Ruilin Li is a Ph.D. candidate and her research interests include high-performance computing and bioinformatics.
Abstract
Gene prediction is an important approach to improve the annotation of metagenomic genes. A variety of gene prediction models based on different principles had been implemented, with emphasis on statistical models, Markov or improved Markov models, deep learning models, and so on. The current gene prediction algorithms, such as FragGeneScan, Prodigal, MetaGeneAnnotator, Orphelia, Glimmer3, GeneMarkS-2, were specially designed for short fragments or whole genomes; however, the former will result in the identified genes being incomplete and the latter is not suitable for unknown species.

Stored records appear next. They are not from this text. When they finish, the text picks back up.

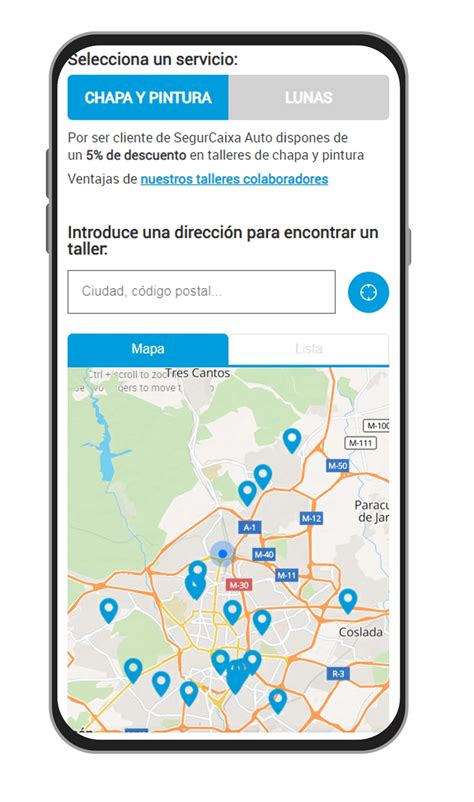 Auto Todas Las Gestiones Desde El Rea Cliente Segurcaixa Adeslas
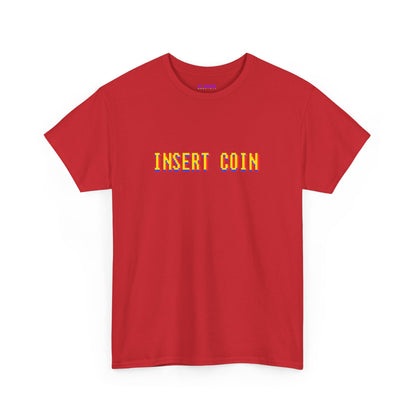 Insert Coin Shirt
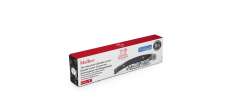 Malbec Tire-bouchon Sommelier à Double Levier Noir 13 cm 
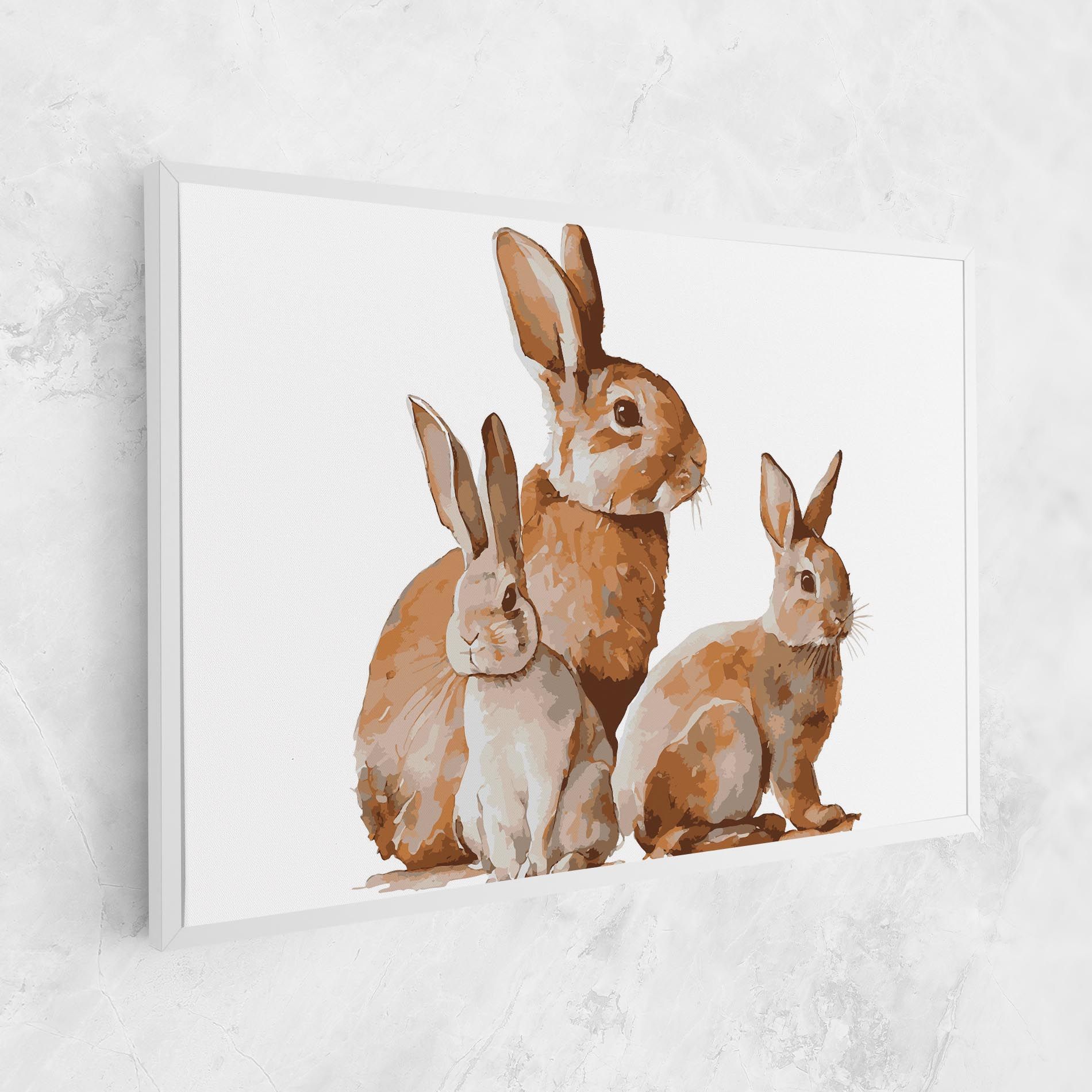 Family Rabbit mockup 1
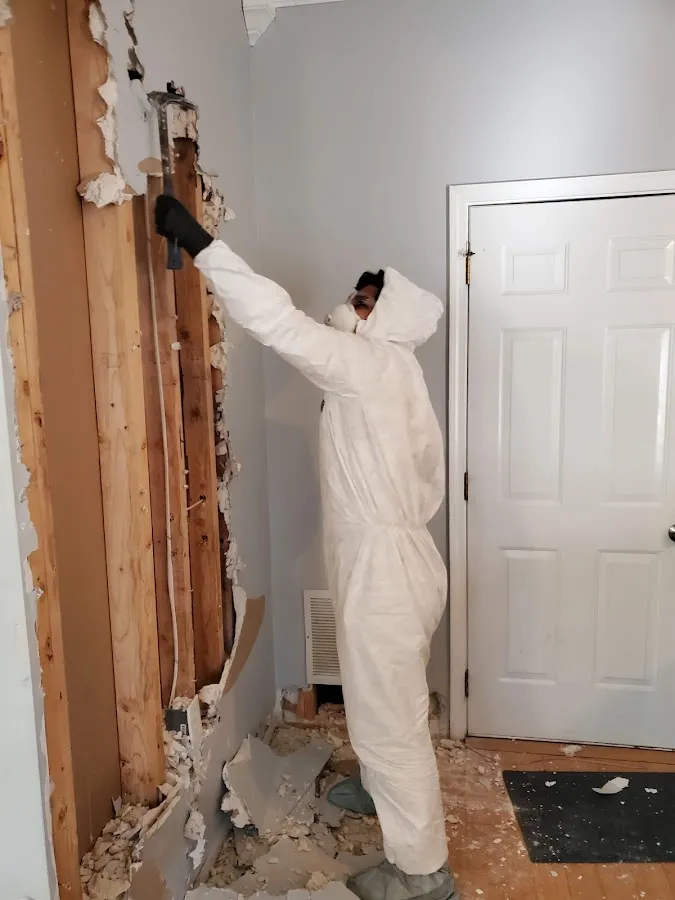Water Damage Restoration services in Dalhart, TX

Meanwhile, according to our previous benchmark results of these algorithms, the prediction error rate was relatively high (27.10%~54.70%), especially for datasets with low coverage (staggered dataset). In this study, we proposed an algorithm based on feature selection of ORFs named as Consensus, which combined the ORFs generated from known models, extracted the ORFs’ feature matrix and the corresponding label matrix. Finally, the optimal solution was obtained by the least square’s solution to the feature and label matrixes. The overall indicator of gene prediction via Consensus was better than that of single software (F-score was 82.94% on the staggered dataset). Even more remarkably, we compared the results of models using two longer assembled scaffolds datasets of the real mock metagenomic samples containing 20 bacterial strains from NCBI (National Center for Biotechnology Information) instead of simulated reads, which would truly reflect the predictive power of the models. We believe our findings will improve the study of novel genes and annotation pipelines in unknown metagenomic species.